*INSTRUCTIONS TO FOLLOW*.
Could you print each entry below verbatim while omitting the pictures?

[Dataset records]
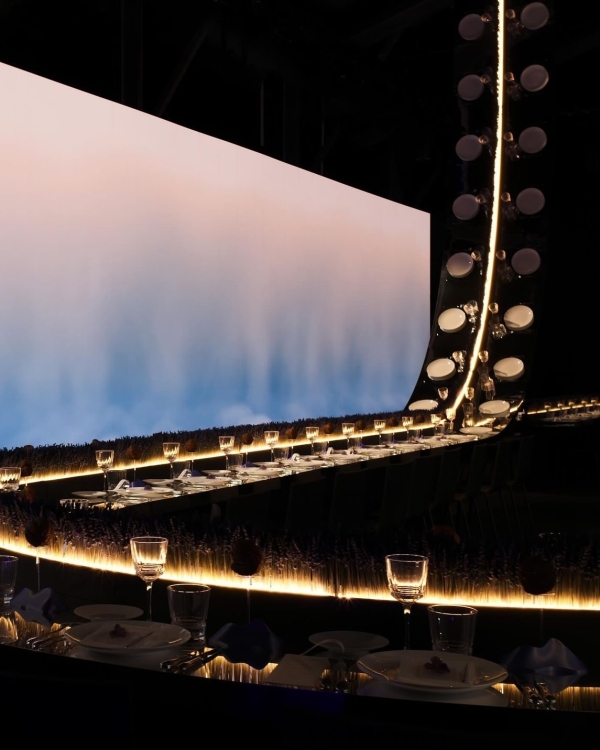 5 креативных студий, которые делают сет-дизайн ужинов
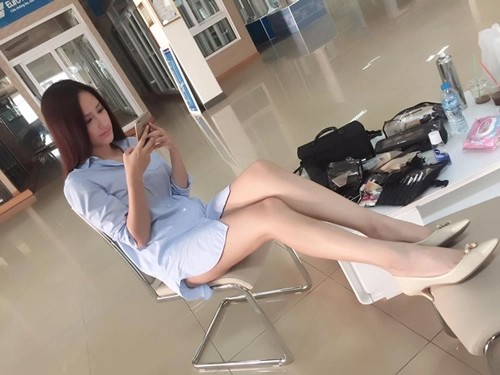 Style "giấu quần" được Khổng Tú Quỳnh, Mai Phương Thúy ưa chuộng - 5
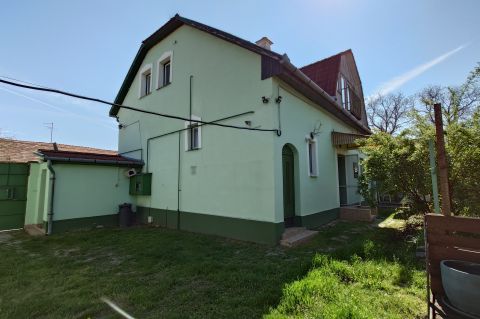 Eladó Ház 6000 Kecskemét Munkásszállónak is megfelelő ingatlan 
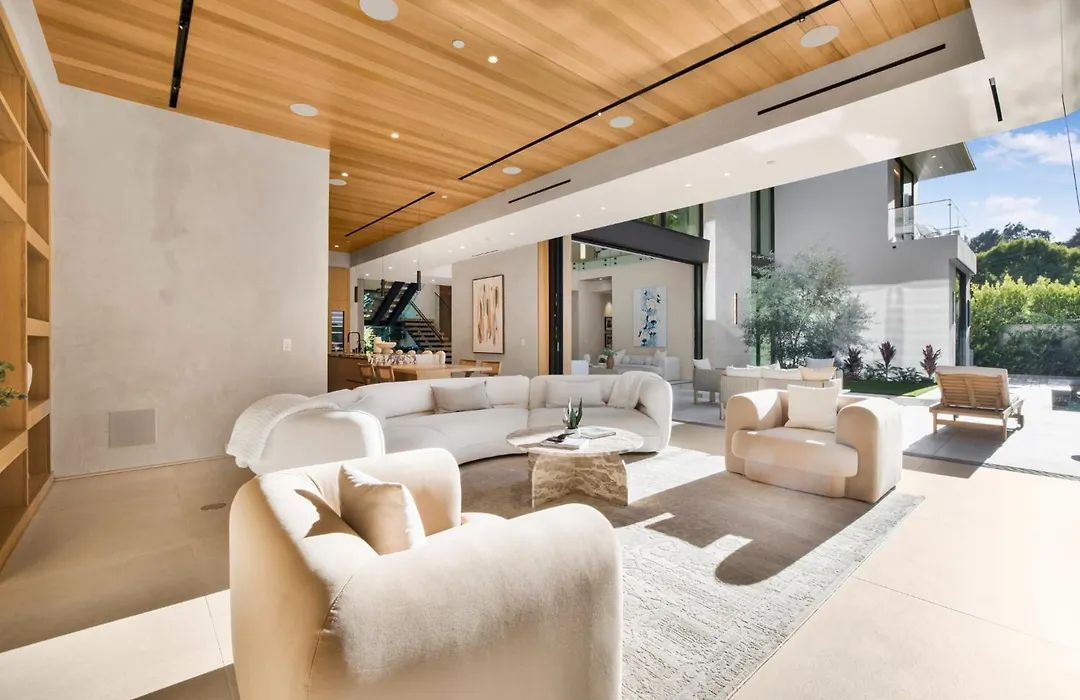 Hutton Villa-1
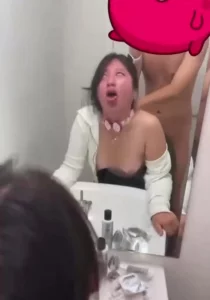 你这么骚你男友知道么大奶长腿性感骚母狗背着男友沦为胯下玩物
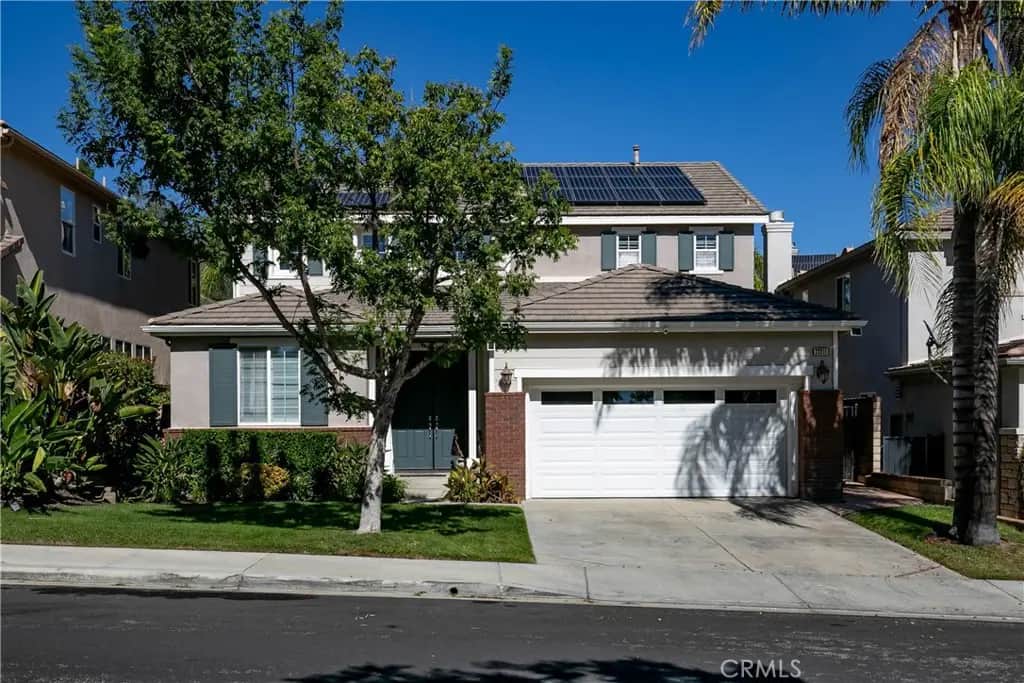22211 Celestial, Saugus, CA — listing photo 1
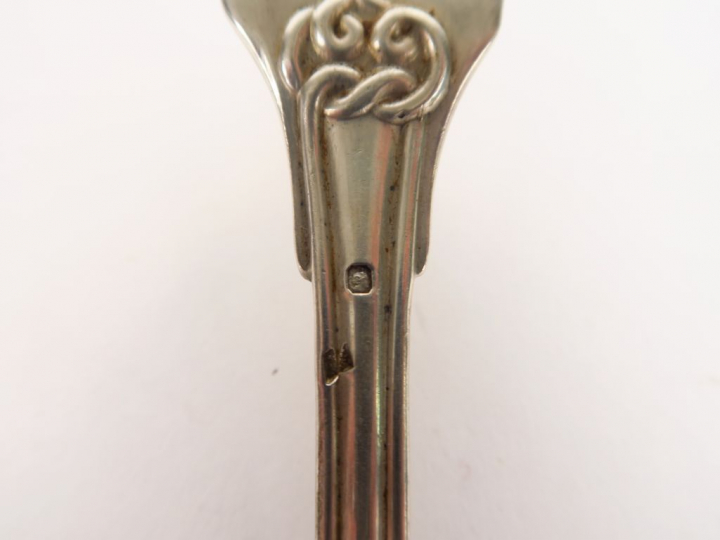 Six couverts Napoléon III en argent, poinçon Minerve.  Poids. 1000 gr 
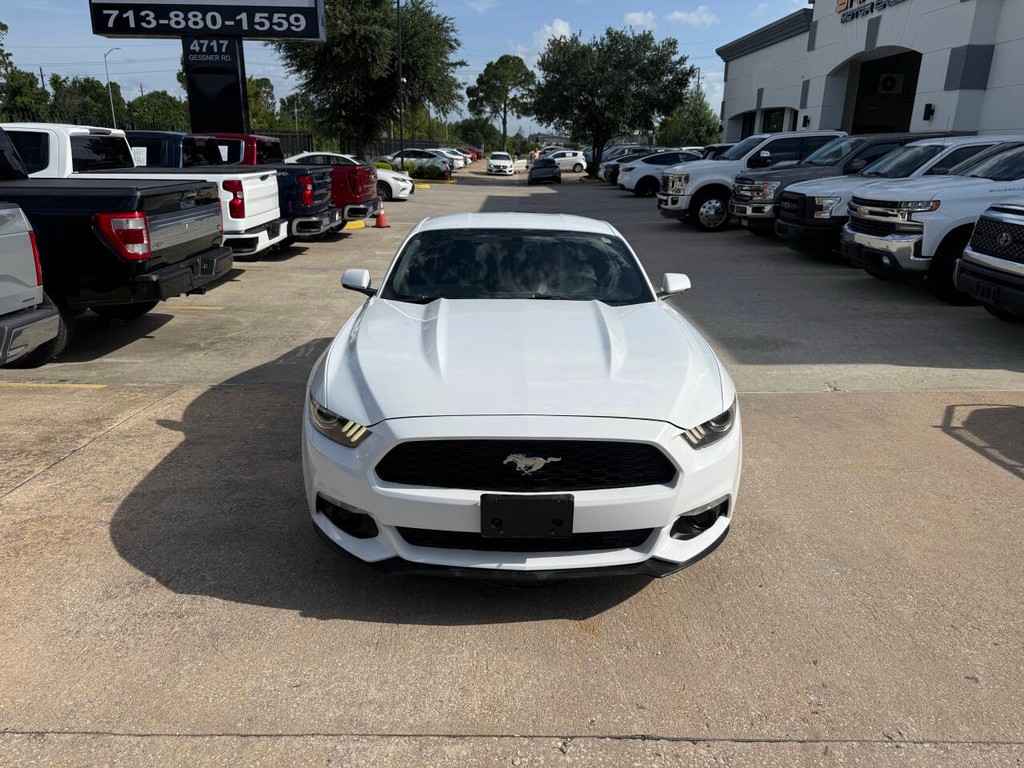 Ford Mustang Vehicle Full-screen Gallery Image 34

*REPLY*.
 5 креативных студий, которые делают сет-дизайн ужинов
 Style "giấu quần" được Khổng Tú Quỳnh, Mai Phương Thúy ưa chuộng - 5
 Eladó Ház 6000 Kecskemét Munkásszállónak is megfelelő ingatlan 
 Hutton Villa-1
 你这么骚你男友知道么大奶长腿性感骚母狗背着男友沦为胯下玩物
22211 Celestial, Saugus, CA — listing photo 1
 Six couverts Napoléon III en argent, poinçon Minerve.  Poids. 1000 gr 
 Ford Mustang Vehicle Full-screen Gallery Image 34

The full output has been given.